--- What you need to do ---
Make an exact copy of the records, with the images left out.

--- The records ---
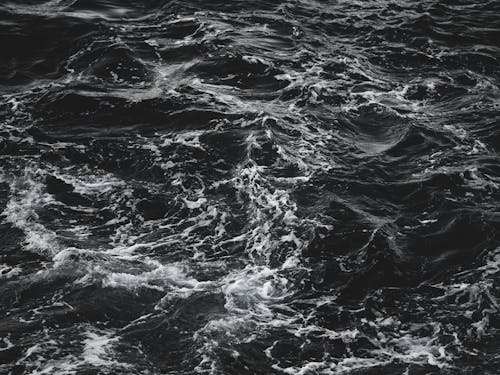 Free Grayscale Photography of Sea Stock Photo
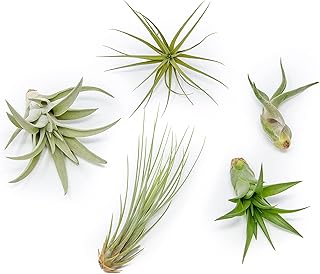 air plants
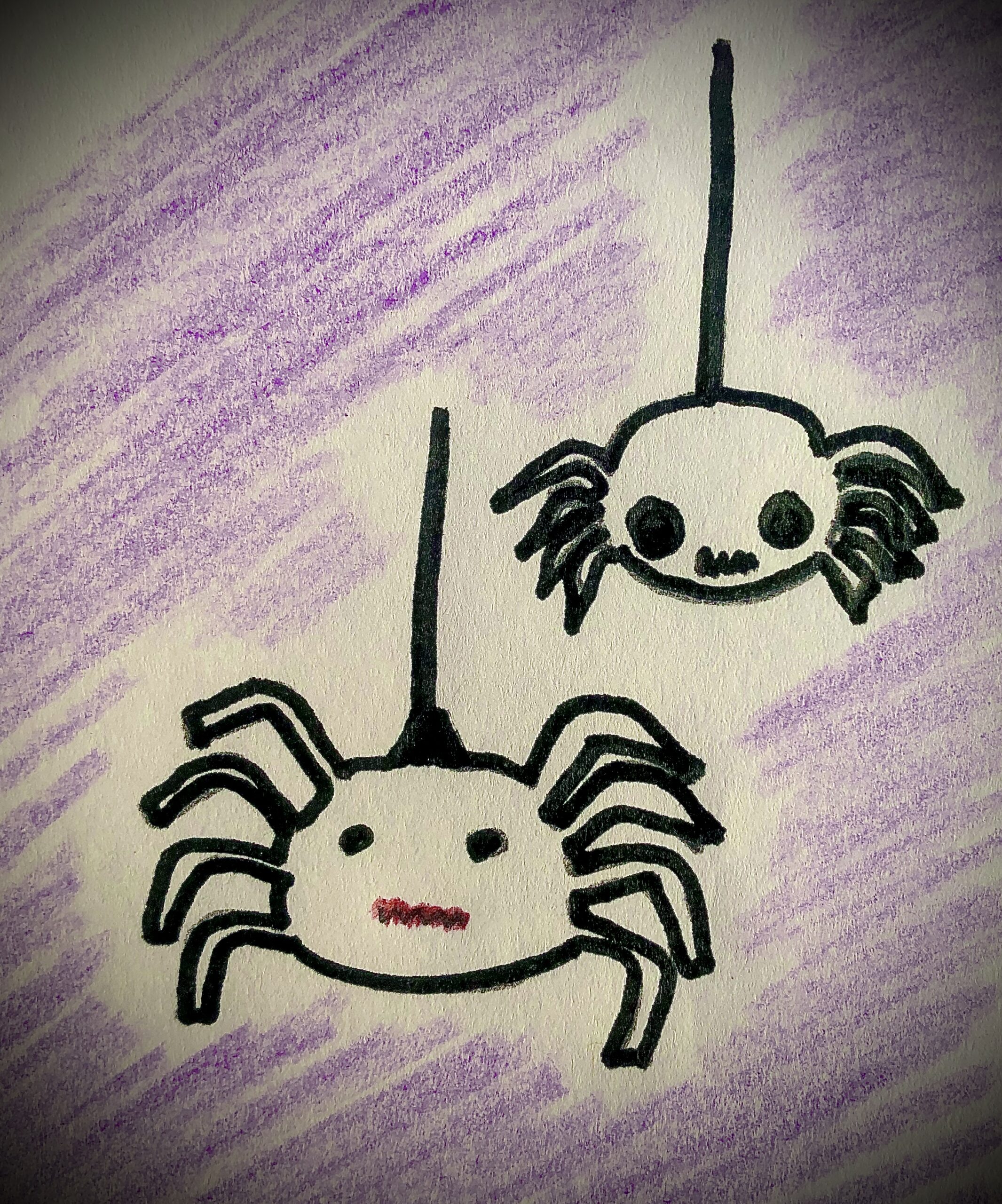 Drawing of 2 black spiders, with a purple background for the detective story.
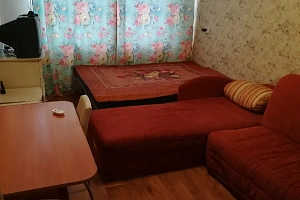 1-комнатная квартира Новокомсомольская 4 в Ужуре фото 5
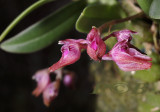 Bulbophyllum japonicum, flowers  cm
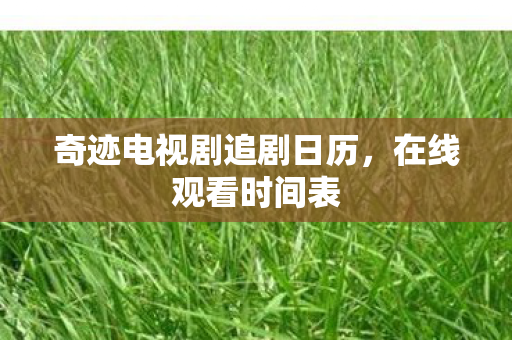 奇迹电视剧追剧日历图片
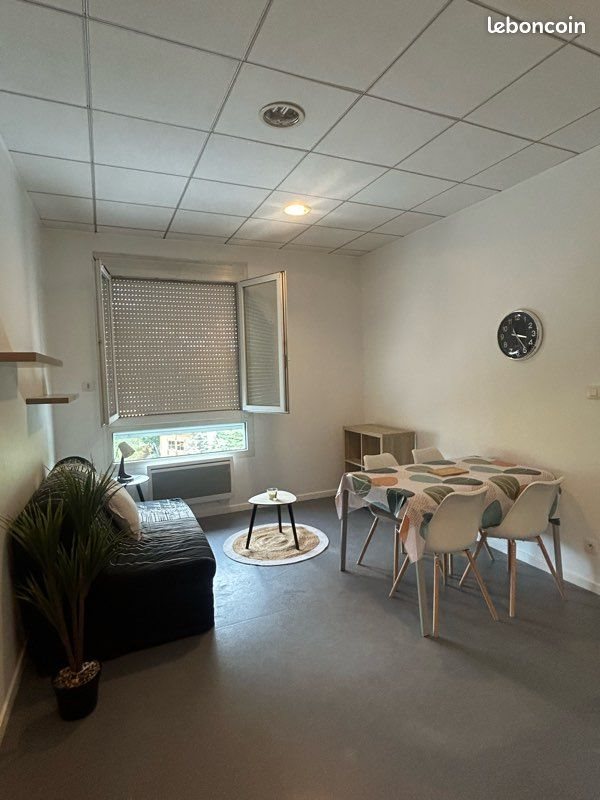 Appartement à louer, 39m², Saint-Etienne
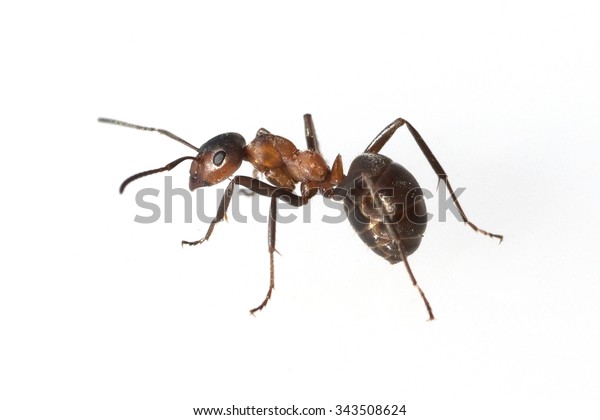 Formica; rufa; Red; wood ant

--- Task solution ---
 Free Grayscale Photography of Sea Stock Photo
 air plants
 Drawing of 2 black spiders, with a purple background for the detective story.
 1-комнатная квартира Новокомсомольская 4 в Ужуре фото 5
 Bulbophyllum japonicum, flowers  cm
 奇迹电视剧追剧日历图片
 Appartement à louer, 39m², Saint-Etienne
 Formica; rufa; Red; wood ant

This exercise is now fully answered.